Legal Warrantless Searches

Published by at 3:27 pm under All General Discussions,FISA-NSA

Here is a great discussion of legal warrantless searches, which combined with the basic fact the Constitution, and the powers it subscribes to the President, supercedes any legislation out of Congress (hing: FISA) results in a really bad year to come for the impeachment crazed left.

Several types of search and seizure have long been considered appropriate under the Fourth Amendment, even when not supported by warrant. In particular, the principle of “hot pursuit” has been applied, where, if the police are chasing a fugitive and they see him take refuge in your house, they can enter your house without a warrant and make an arrest. In addition, searches of your person and effects at airports, courthouses, and other public buildings are considered reasonable because of the security threat, and because you’re voluntarily entering the area that requires the search. So, warrantless searches are legal if they’re considered “reasonable.”
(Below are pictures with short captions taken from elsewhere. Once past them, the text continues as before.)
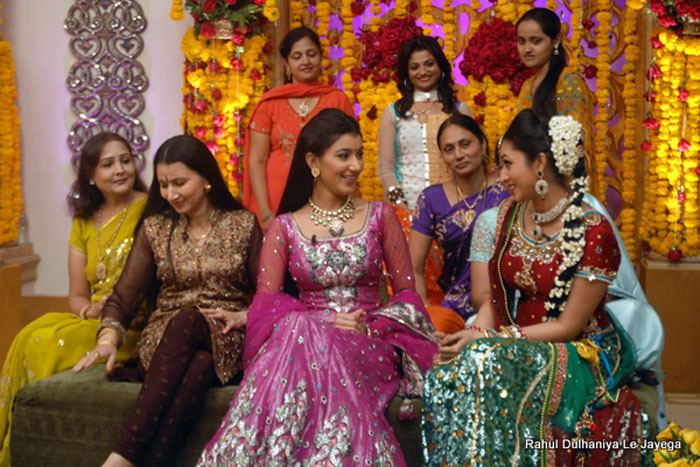 12588325_HWIIWKWUW - Divyanka Tripathi
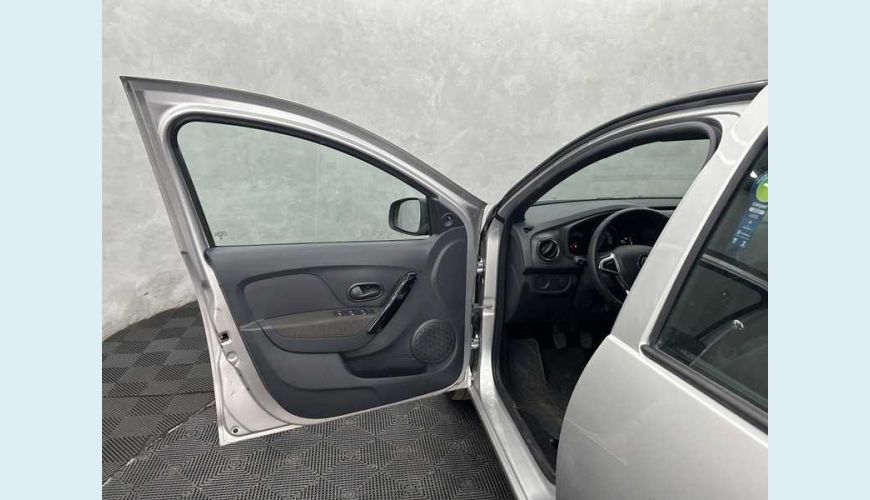 RENAULT LOGAN ZEN 1.0 - PRATA - 2024 Foto 5 (Grande)
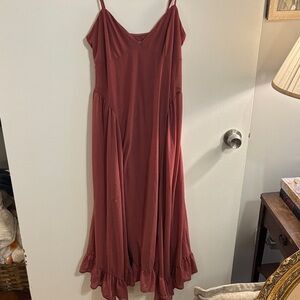 Chic Rust Midi Dress with Ruffle Hem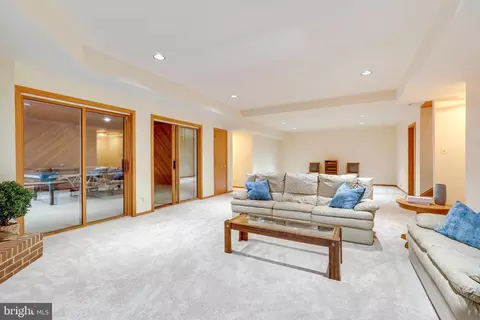 Living - 2211 Halcyon Ln, Vienna, VA 22181 photo 9 of 10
Now, if you re-read the Fourth Amendment, you’ll see that it applies to your “person, house, papers, and effects,” but not to your communications. However, in 1967, an activist Supreme Court twisted the constitution to make it say what they thought it should say. Since then, warrants are required for some wiretaps. It seems that the Supremes assumed that the Founding Fathers didn’t mention communications in the Fourth Amendment because there were no communications in 1789, not realizing that the Constitution expressly authorized Congress to set up the Post Office without making mail secure from government snooping. Be that as it may, in the 1967 case, the Supremes noted that warrant requirements do not apply to issues of national security.

Good stuff.

27 responses so far

27 Responses to “Legal Warrantless Searches”

  1. ReidBlog says:

    Yeesh! AJ — your links I’ll deal with, but Powerline? Hinderaker still thinks Bush got into the National Guard with no help from his family! Sorry, but that guys needs a diaper. The rest I don’t mind reading…

  2. sbd says:

    FBI Office of the General Counsel wrote:

    In the past, the FBI has encountered situations in which the holders of relevant records refused to produce them absent a subpoena or other compelling authority. When those records did not fit within the defined categories for National Security Letters or the four categories then defined in the FISA business records section, the FBI had no means of compelling production.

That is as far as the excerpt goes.